Todo el que no piense y actúe como quiere el gobierno es peligroso, debe ser vigilado, interceptadas sus comunicaciones y colocado a buen resguardo en un determinado momento, en el mejor de los casos sometido a medidas absurdas de no declarar a los medios, no manifestar y someterse al vejamen de una presentación periódica ante un tribunal.
Hemos restaurado la vieja Ley de Vagos y Maleantes y, por ello, cualquier sujeto declarado peligroso va a “la Tumba”, al Helicoide, a Ramo Verde o a una cárcel común, con el objetivo de que su caso sirva de elemento convincente de disuasión para cualquier ciudadano que crea que las garantías consagradas en la Constitución constituyen el mejor escudo protector del ciudadano y del sistema democrático.

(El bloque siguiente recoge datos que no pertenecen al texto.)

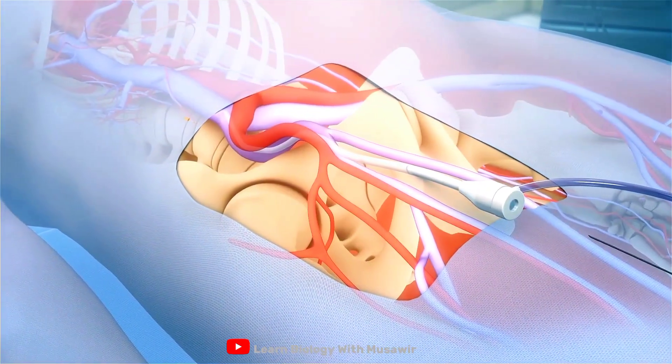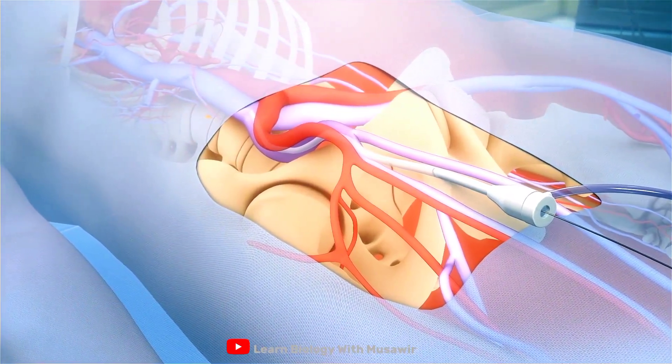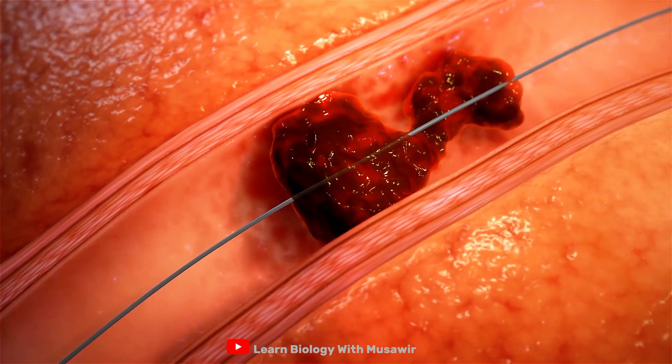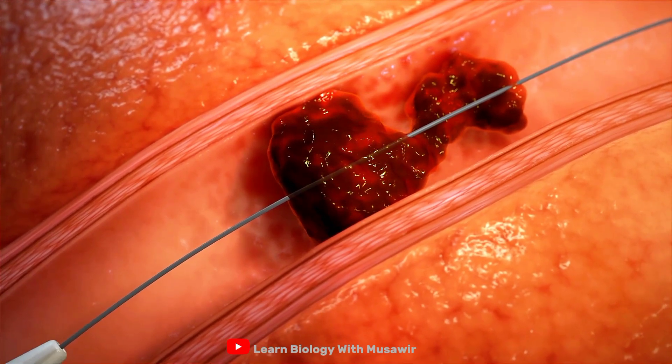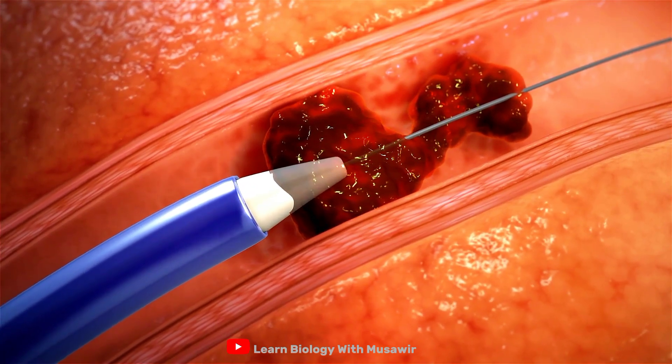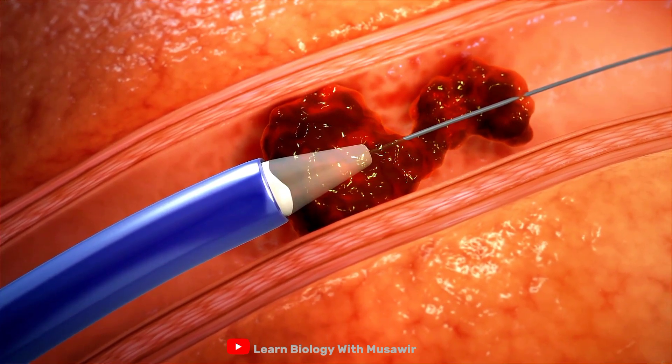Upon gaining ultrasound guided venous access, a guide wire is advanced past the target clot in the pulmonary artery. With the dilator in place, the Trever 20 is advanced over the wire until it reaches the target clot.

Se impone restablecer el respeto a principios fundamentales del derecho penal en su vertiente sustantiva y procesal, esto es: solo se puede sancionar por hechos concretos probados y no por sospechas que solo tienen como referencia supuestas actitudes de desafectos al régimen; la inocencia se presume, el proceso como regla debe llevarse a cabo en libertad; los pensamientos no delinquen; y resultan inaceptables, nulas o carentes de todo valor pretendidos elementos de convicción obtenidos ilícitamente, no pudiendo utilizarse informaciones anónimas, ni interceptaciones de comunicaciones sin autorización judicial, ni declaraciones obtenidas bajo amenaza o presión psicológica.
Y se impone recordar: nada más peligroso en un Estado social y democrático de Derecho que la adopción de un criterio de peligrosidad administrado por quien detenta el poder.